The “H” Word
Aug 4th, 2007 by Sharon
Recently I was reading a forum on another wedding site, wherein someone was criticizing her co-worker’s “supposed” green wedding, pointing out that their ceremony and reception site were over an hour’s drive away from each other. Naturally, this bride was called what I’ve come to find is the dreaded “H” word in environmentalism: “hypocrite.”
I agree that the required travel isn’t particularly earth-friendly. But as someone doing her best to plan a green wedding, herself, I take a bit of offense when people are called out on such things. Wedding planning is such a delicate balancing act. You’re often restricted by your region, budget, family pressure, and more.
Perhaps this bride had a family church that was important to her, but wasn’t near any reception sites. Maybe she’s loading everyone up in a big bus to transport them or purchasing carbon offset credits. Or maybe she doesn’t need to make excuses because she’s working hard to minimize the impact in other areas.

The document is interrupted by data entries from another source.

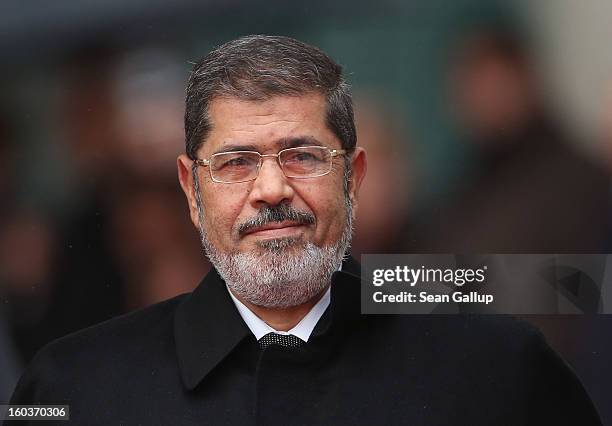 Egyptian President Mohamed Mursi arrives at the Chancellery to meet with German Chancellor Angela Merkel on January 30, 2013 in Berlin, Germany....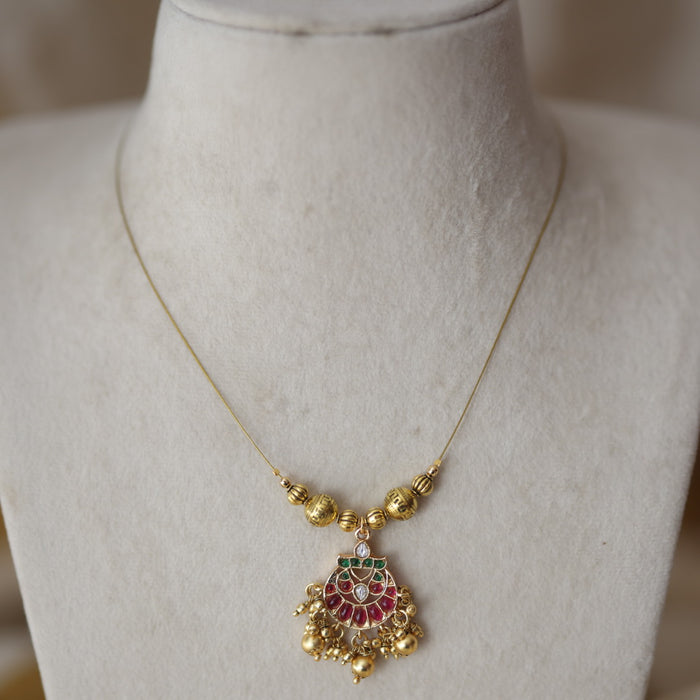 Antique ruby stone invisible short necklace IN918
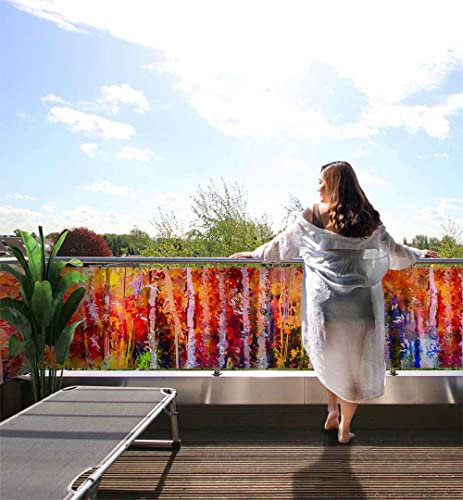 MyMaxxi Balkonbanner Sichtschutz - bunt gemalter Wald - Abdeckung für Terrasse Balkon - Windschutz Sonnenschutz Blickdicht - Balkonverkleidung wetterfest -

I’ve noticed backlash against environmentalists because many people tend to see it as an “all or nothing” lifestyle. But what I think is most important to note is that it’s not a contest- anyone can make a difference in little ways. The same goes for weddings. With so many other things to worry about, why bankrupt yourself in order to afford pricey organic caterers? Instead see if you can compost the trash afterwards, or donate leftovers to a charity.

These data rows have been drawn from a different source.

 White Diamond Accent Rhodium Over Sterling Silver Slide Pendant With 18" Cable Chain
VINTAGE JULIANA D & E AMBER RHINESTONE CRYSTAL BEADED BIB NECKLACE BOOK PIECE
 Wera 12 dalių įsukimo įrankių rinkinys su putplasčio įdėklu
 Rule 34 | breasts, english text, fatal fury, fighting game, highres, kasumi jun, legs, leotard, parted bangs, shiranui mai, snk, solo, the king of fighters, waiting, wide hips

And instead of throwing around words like “hypocrite” we should be celebrating the efforts we see, no matter how small. Sustainability doesn’t apply exclusively to the environment - it applies to your sanity. And with just one week till my wedding, I’m learning just how valuable sustaining my sanity is!
I completely agree. This attitude really bothers me and I sometimes see non environmentalists using it as an excuse for living irresponsibly. Just because you can’t do everything doesn’t mean you shouldn’t do anything. All or nothing is a terrible attitude to have, and calling someone a hypocrite for not doing “everything” without having any other information about why and how they came to their decisions is counterproductive. We should be supportive of the efforts that others do make. That kind of attitude is extremely destructive because since it’s pretty much impossible to do “everything” they are dancing on the edge of encouraging people to give up altogether because people will be discouraged from even bothering if their good efforts will be ignored and any areas they fell short thrown in their face.

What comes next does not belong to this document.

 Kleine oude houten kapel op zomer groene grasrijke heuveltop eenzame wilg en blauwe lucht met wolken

I ended up in exactly this situation - the vagaries of the English church system meant we ended up travelling from church to reception - and I felt really bad for a while, as if it had undermined everything else I was trying to do. But then I thought, no, I’m doing what I can, I’m not perfect… and it’s our wedding day - to celebrate not to feel like a guilty green! So if anti-environmentalists need to throw an ‘H’ word at me, let it be ‘human’ not ‘hypocrite’…
great point about the sanity!
great post, sharon! I second what you’re saying! I am all for green weddings AND like Katie said–we are all human!! I blogged about this on the mywedding.com site. John Mayer calls it the “light green” movement which means: let’s be eco-conscious, but let’s also have fun!